Using the data below, set down every line from the one containing "Separate bathtub and" through the one containing "For sale in", inclusive and unchanged. Pictures are to be skipped.

- [RECORD SET]:
-=-=-=-=-

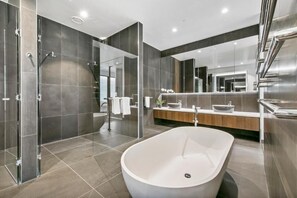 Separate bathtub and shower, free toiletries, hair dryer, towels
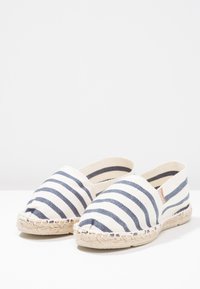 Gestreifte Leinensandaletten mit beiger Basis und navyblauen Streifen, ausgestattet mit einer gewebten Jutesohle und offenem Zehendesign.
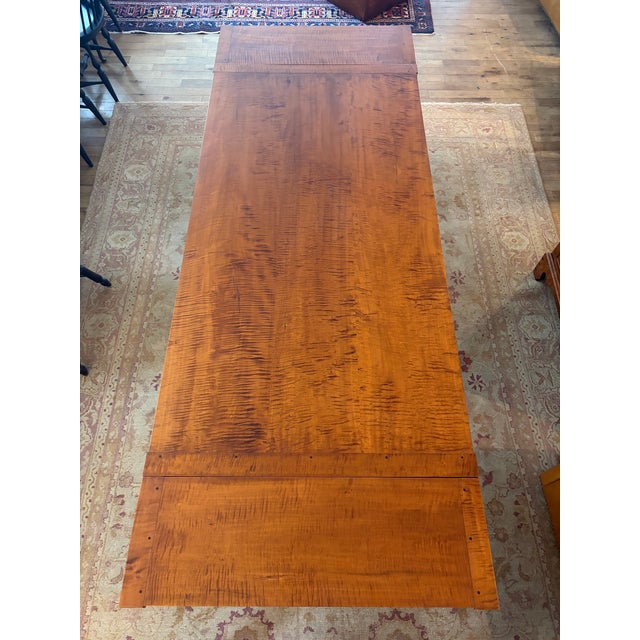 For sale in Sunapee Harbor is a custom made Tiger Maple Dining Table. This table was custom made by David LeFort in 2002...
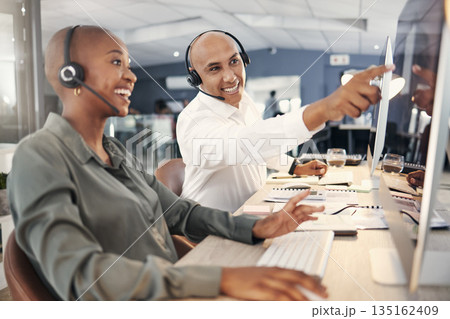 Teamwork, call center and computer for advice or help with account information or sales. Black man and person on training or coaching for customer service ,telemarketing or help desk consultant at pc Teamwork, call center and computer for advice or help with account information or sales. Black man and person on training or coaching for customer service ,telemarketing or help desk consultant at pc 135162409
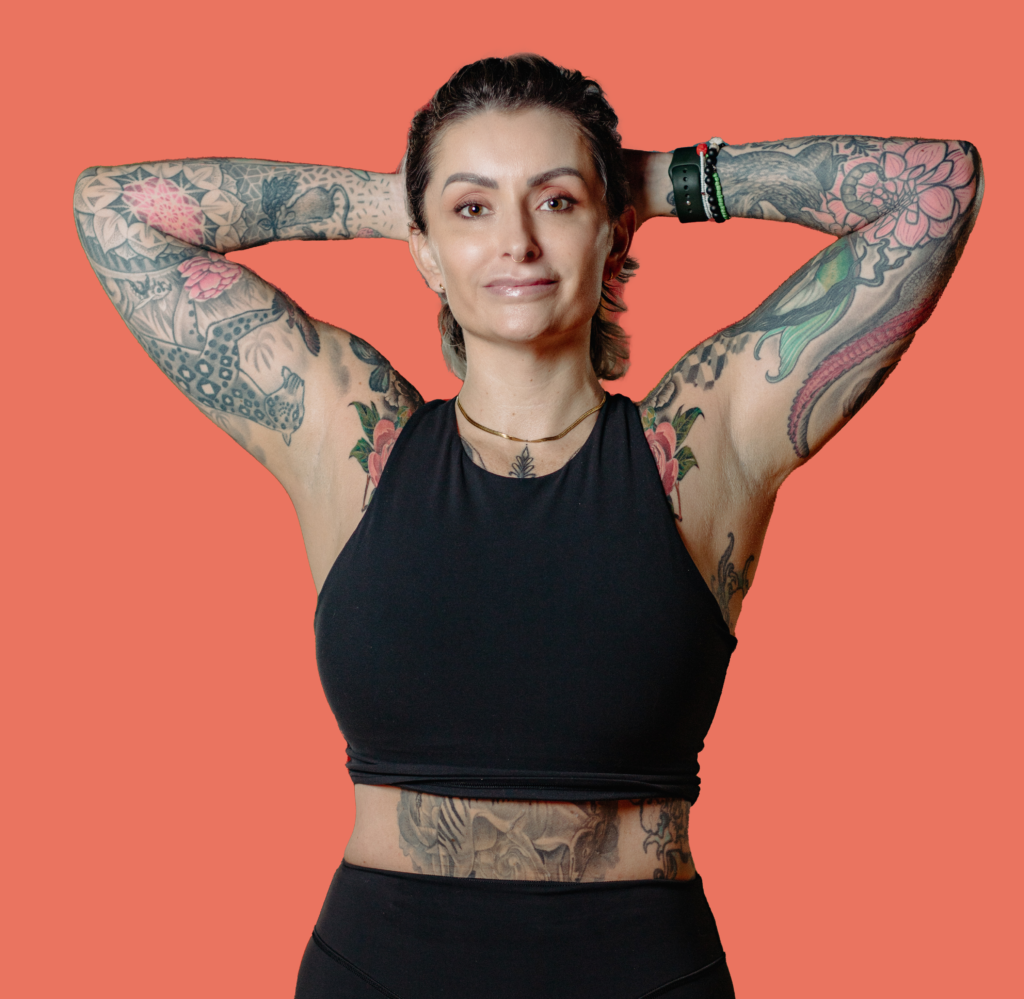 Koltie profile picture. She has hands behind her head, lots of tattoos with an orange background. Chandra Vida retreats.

-=-=-=-=-

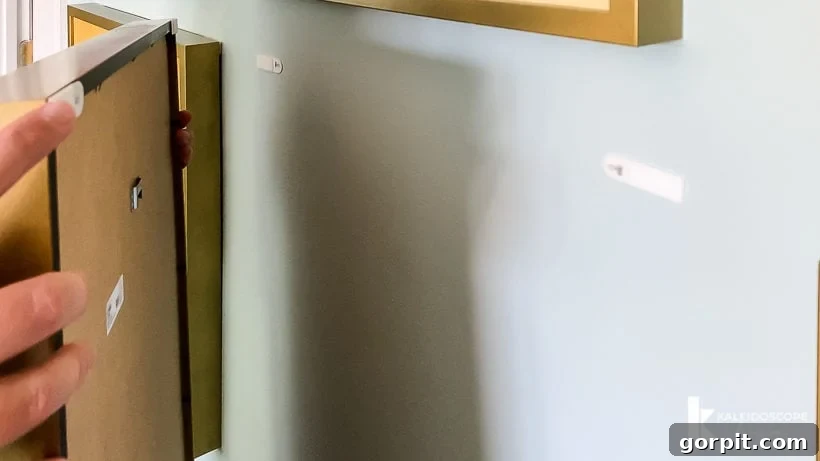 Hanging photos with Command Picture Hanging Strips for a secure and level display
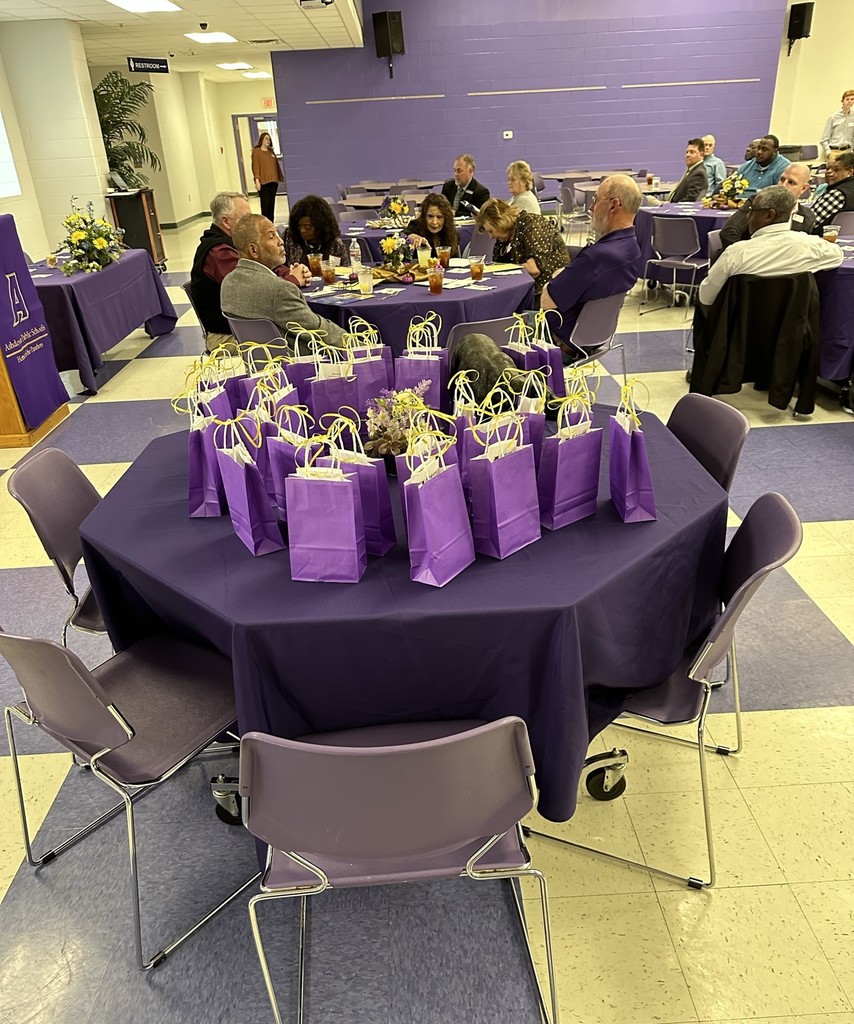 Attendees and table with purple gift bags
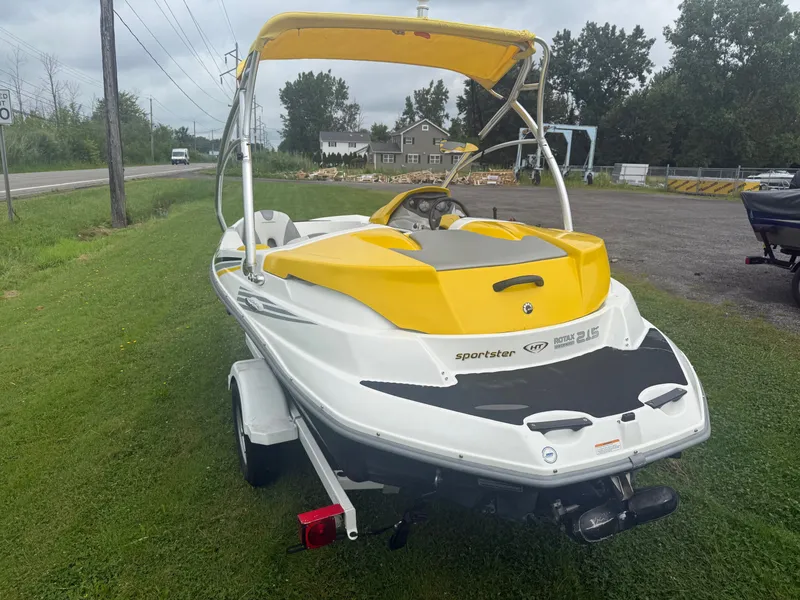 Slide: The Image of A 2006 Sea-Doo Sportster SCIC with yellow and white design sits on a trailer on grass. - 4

-=-=-=-=-

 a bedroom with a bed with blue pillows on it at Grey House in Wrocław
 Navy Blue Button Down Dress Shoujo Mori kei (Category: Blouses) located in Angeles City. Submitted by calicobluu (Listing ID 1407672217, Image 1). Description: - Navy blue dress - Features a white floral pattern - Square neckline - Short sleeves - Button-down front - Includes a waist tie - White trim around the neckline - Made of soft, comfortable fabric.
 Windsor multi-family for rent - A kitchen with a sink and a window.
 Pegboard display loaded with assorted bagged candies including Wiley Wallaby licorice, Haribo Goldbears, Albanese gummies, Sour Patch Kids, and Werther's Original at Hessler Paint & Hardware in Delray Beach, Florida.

-=-=-=-=-

- [REPLY]:
 Separate bathtub and shower, free toiletries, hair dryer, towels
 Gestreifte Leinensandaletten mit beiger Basis und navyblauen Streifen, ausgestattet mit einer gewebten Jutesohle und offenem Zehendesign.
 For sale in Sunapee Harbor is a custom made Tiger Maple Dining Table. This table was custom made by David LeFort in 2002...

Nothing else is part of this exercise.